EXERCISE DESCRIPTION:
Below, find the line containing "Welcome to Shotskill"; from there to the final line, print every line exactly and skip the pictures.

INPUT DATA:
>>>>>
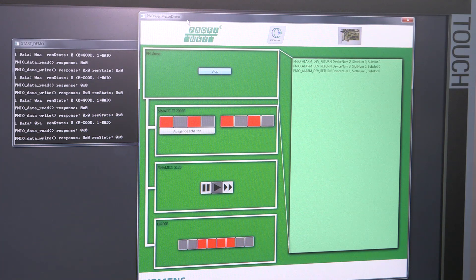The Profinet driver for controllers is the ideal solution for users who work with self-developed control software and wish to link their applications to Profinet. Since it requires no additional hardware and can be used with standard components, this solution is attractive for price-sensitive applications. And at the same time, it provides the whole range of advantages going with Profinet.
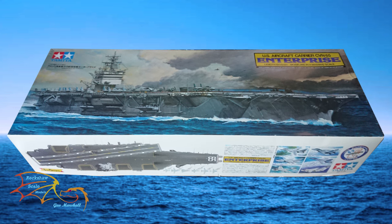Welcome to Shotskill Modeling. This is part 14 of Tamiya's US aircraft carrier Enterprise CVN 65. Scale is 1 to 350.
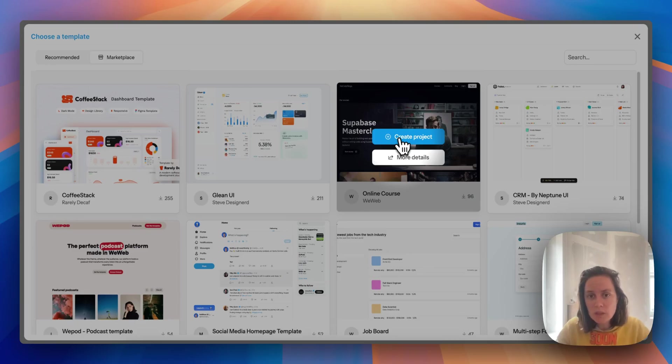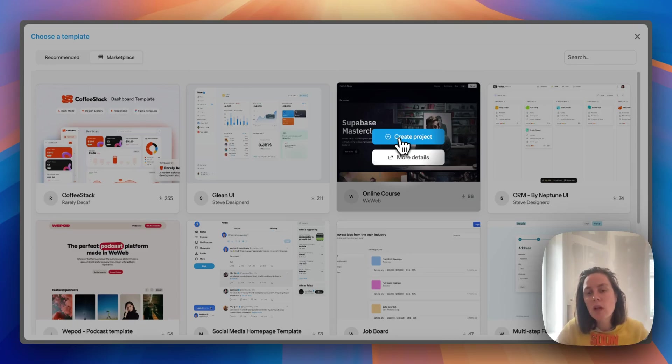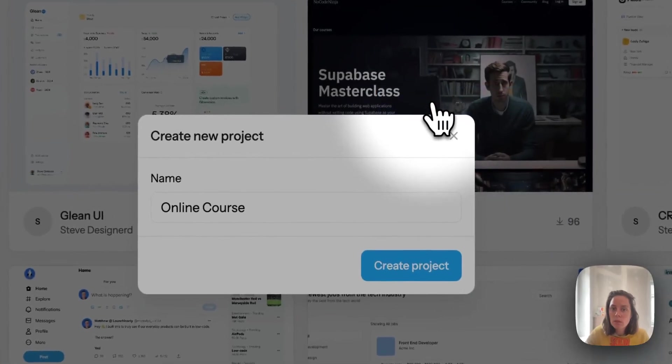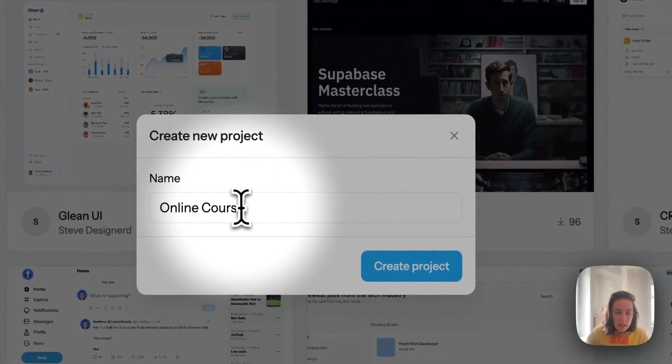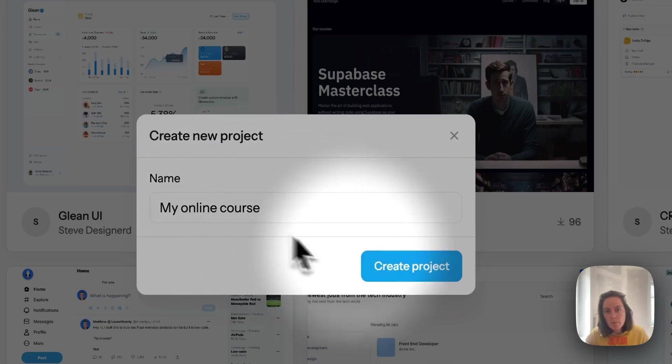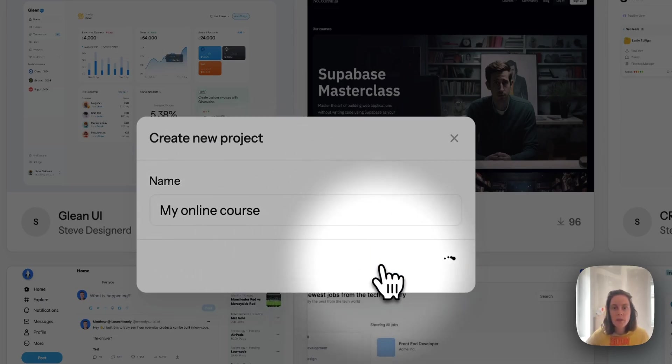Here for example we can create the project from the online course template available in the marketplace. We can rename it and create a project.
<<<<<
WRITTEN RESPONSE:
Welcome to Shotskill Modeling. This is part 14 of Tamiya's US aircraft carrier Enterprise CVN 65. Scale is 1 to 350.
Here for example we can create the project from the online course template available in the marketplace. We can rename it and create a project.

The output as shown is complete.